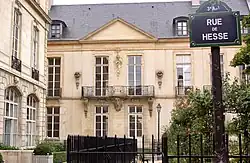 Façade arrière de l'hôtel du Grand Veneur vue du square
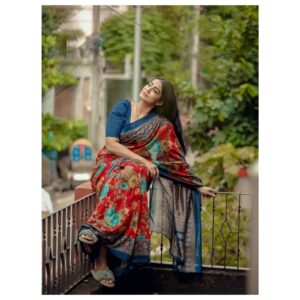 Nazia Haque Orsha Instagram - Spring in my steps🌻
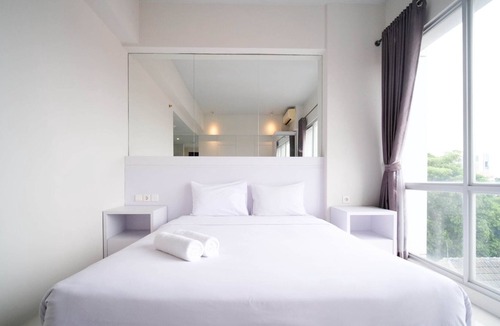 Darmo Apartment | Strategic And Comfy Studio (No Kitchen) At Grand Darmo Suite Apartment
————————
Task prompt:
Pictures are to be excluded; all other material must be transcribed exactly.

Task output:
 Façade arrière de l'hôtel du Grand Veneur vue du square
 Nazia Haque Orsha Instagram - Spring in my steps🌻
 Darmo Apartment | Strategic And Comfy Studio (No Kitchen) At Grand Darmo Suite Apartment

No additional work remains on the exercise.